Investor optimism also received another boost following Meta's release of Muse Spark 1.1, the company's latest AI model designed for coding and autonomous AI agents.

According to Meta AI leadership, the upgraded model can:

  • Write and debug software code.

  • Understand text, images, and video.

  • Use external software tools.

  • Complete complex multi-step tasks with less human intervention.

These capabilities position Meta to compete more directly with leading AI companies such as OpenAI and Anthropic, both of which have rapidly expanded their enterprise AI offerings.

The launch signals that Meta is not only investing in AI infrastructure but is also producing competitive AI products that could eventually generate recurring revenue through subscriptions, enterprise licensing, or cloud-based services.

Investor Sentiment Has Changed

Earlier this year, many of Meta's AI announcements—including new smart glasses, hardware partnerships, and infrastructure investments—did little to move the stock because investors remained focused on one question: how would Meta earn money from all of this spending?
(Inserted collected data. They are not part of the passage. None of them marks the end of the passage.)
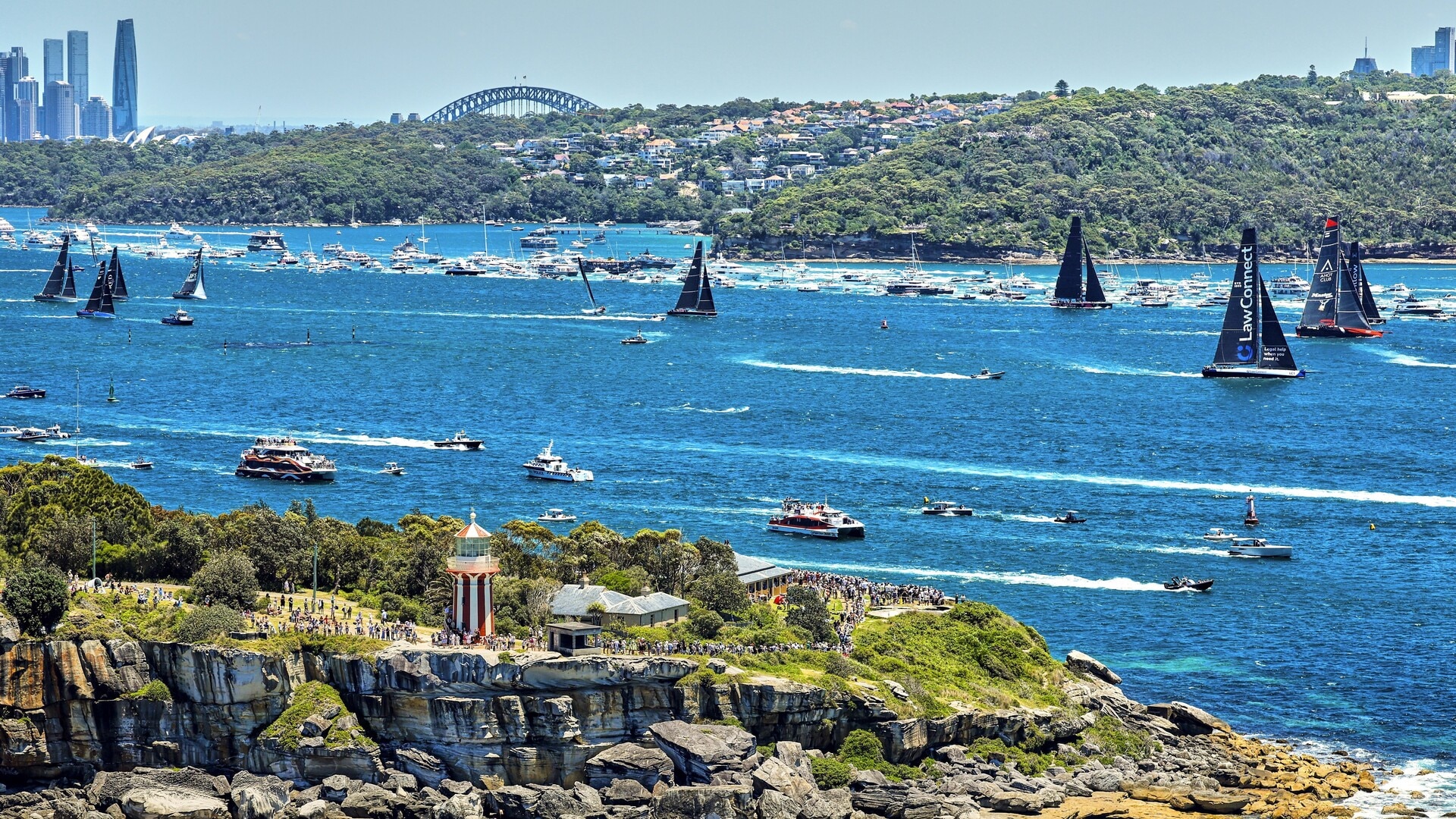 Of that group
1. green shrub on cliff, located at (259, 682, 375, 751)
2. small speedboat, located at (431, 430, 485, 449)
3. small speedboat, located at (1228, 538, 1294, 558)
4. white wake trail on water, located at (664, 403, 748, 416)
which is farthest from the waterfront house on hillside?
white wake trail on water, located at (664, 403, 748, 416)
The cloud strategy appears to provide the answer many investors were waiting for.

Rather than viewing AI spending as an open-ended expense, the market is increasingly treating it as the foundation for future revenue growth. That shift in perception has helped fuel the recent rally.
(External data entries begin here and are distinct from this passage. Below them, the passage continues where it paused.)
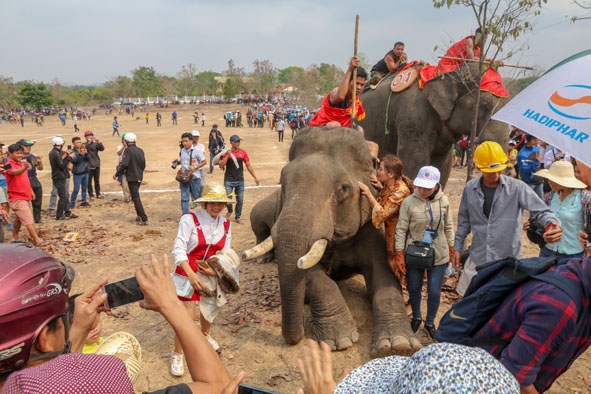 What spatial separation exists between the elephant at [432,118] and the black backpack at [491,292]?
522cm

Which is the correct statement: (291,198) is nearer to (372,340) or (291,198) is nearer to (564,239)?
(372,340)

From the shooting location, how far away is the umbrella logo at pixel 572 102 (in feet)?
5.22

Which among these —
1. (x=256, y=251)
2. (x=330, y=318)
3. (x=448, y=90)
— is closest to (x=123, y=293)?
(x=256, y=251)

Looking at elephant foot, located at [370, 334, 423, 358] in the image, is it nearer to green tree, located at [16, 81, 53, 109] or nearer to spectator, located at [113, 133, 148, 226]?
spectator, located at [113, 133, 148, 226]

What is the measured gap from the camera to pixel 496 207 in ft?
13.2

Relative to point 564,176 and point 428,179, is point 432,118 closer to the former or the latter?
point 564,176

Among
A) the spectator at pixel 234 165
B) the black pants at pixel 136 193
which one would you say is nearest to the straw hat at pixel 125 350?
the spectator at pixel 234 165

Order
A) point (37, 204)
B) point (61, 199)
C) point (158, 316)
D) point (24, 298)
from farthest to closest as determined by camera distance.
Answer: point (61, 199)
point (37, 204)
point (158, 316)
point (24, 298)

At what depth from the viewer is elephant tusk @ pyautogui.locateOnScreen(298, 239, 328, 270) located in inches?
154

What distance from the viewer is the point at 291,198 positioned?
4359mm

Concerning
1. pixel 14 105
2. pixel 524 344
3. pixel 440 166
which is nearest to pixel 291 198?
pixel 524 344

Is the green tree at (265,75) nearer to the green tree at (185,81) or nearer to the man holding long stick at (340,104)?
the green tree at (185,81)

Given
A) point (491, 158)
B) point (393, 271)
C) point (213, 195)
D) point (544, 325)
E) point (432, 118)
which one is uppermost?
point (432, 118)

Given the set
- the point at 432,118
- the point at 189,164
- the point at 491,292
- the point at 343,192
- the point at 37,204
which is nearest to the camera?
the point at 491,292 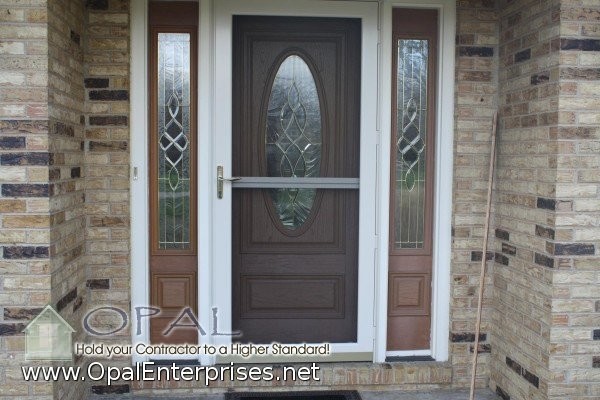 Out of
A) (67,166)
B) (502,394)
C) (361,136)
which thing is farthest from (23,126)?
(502,394)

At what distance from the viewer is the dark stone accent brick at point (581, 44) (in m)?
3.28

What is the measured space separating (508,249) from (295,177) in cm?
125

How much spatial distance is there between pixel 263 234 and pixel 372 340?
888mm

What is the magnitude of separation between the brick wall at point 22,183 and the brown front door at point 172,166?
805mm

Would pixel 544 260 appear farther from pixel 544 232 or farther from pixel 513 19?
pixel 513 19

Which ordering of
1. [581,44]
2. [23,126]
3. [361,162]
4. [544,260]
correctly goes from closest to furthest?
[23,126] < [581,44] < [544,260] < [361,162]

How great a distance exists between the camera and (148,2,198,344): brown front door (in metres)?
3.85

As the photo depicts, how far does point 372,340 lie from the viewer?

Even after the sharp gains, however, Meta shares remain only slightly above break-even for the year and are still below their record closing high reached in 2025, suggesting there could be additional room for recovery if the company executes successfully.

Analysts Remain Bullish

Wall Street analysts continue to hold an overwhelmingly positive view of Meta. The vast majority currently rate the stock as a "Buy," while only a small minority recommend holding shares.

Consensus price targets remain well above current trading levels, reflecting expectations that Meta's AI investments will eventually contribute meaningful earnings growth beyond its traditional advertising business.
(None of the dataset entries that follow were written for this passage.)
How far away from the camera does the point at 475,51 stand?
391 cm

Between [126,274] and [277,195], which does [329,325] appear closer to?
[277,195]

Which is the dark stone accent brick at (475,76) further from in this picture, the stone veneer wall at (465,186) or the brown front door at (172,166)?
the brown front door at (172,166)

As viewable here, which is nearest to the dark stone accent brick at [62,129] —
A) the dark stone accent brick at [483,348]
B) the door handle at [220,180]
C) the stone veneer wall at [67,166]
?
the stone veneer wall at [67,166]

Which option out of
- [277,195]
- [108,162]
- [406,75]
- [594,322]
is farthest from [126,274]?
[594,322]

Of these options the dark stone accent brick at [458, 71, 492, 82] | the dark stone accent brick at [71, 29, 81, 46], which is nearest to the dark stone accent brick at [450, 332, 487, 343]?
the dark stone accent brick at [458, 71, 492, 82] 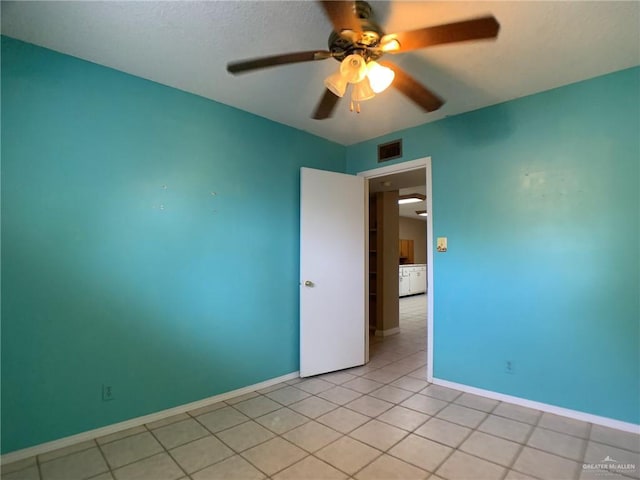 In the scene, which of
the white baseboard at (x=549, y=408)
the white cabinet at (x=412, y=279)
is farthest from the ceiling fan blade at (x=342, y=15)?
the white cabinet at (x=412, y=279)

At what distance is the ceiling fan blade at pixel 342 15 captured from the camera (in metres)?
1.28

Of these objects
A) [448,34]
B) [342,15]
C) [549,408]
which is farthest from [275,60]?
[549,408]

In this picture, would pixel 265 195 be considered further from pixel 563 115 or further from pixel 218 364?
pixel 563 115

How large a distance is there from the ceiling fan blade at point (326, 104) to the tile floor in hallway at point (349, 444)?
214 cm

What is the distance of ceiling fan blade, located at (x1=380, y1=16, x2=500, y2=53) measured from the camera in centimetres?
130

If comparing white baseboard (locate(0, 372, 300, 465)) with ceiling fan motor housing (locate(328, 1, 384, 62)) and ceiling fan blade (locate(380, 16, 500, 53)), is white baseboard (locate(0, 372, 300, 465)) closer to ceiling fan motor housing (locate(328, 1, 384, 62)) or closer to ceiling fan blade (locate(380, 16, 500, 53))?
ceiling fan motor housing (locate(328, 1, 384, 62))

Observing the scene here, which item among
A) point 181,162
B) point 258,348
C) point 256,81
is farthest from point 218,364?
point 256,81

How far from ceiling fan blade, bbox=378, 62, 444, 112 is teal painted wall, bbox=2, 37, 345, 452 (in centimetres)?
162

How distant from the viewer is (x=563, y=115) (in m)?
2.54

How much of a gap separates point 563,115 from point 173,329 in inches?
136

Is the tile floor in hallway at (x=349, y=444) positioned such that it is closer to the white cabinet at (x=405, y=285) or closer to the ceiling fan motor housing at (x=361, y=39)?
the ceiling fan motor housing at (x=361, y=39)

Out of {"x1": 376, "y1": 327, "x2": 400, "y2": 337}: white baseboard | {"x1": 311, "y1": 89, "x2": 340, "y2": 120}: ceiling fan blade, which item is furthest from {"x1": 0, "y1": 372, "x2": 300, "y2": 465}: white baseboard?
{"x1": 311, "y1": 89, "x2": 340, "y2": 120}: ceiling fan blade

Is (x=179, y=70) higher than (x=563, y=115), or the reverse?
(x=179, y=70)

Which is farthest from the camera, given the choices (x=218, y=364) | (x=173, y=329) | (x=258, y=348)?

Analysts believe that if Meta successfully commercializes both its AI models and cloud infrastructure, it could establish itself as a stronger competitor in the enterprise AI market while reducing investor concerns about the sustainability of its massive capital spending.

The Bottom Line

Meta's recent stock rally marks an important turning point in how investors view the company's AI strategy. For months, the market questioned whether the billions being poured into data centers, chips, and AI research would ever produce meaningful financial returns.

The emergence of a cloud computing business, combined with increasingly capable AI models like Muse Spark 1.1, offers a clearer roadmap for monetization. While execution risks remain and competition from Microsoft, Amazon, Google, OpenAI, and Anthropic remains intense, investors now have stronger reasons to believe Meta's AI investments could become profitable over the long term.

If the company continues expanding its AI ecosystem while successfully turning its infrastructure into a revenue-generating platform, Meta may be entering the next phase of its transformation—from an advertising giant into one of the leading AI technology companies.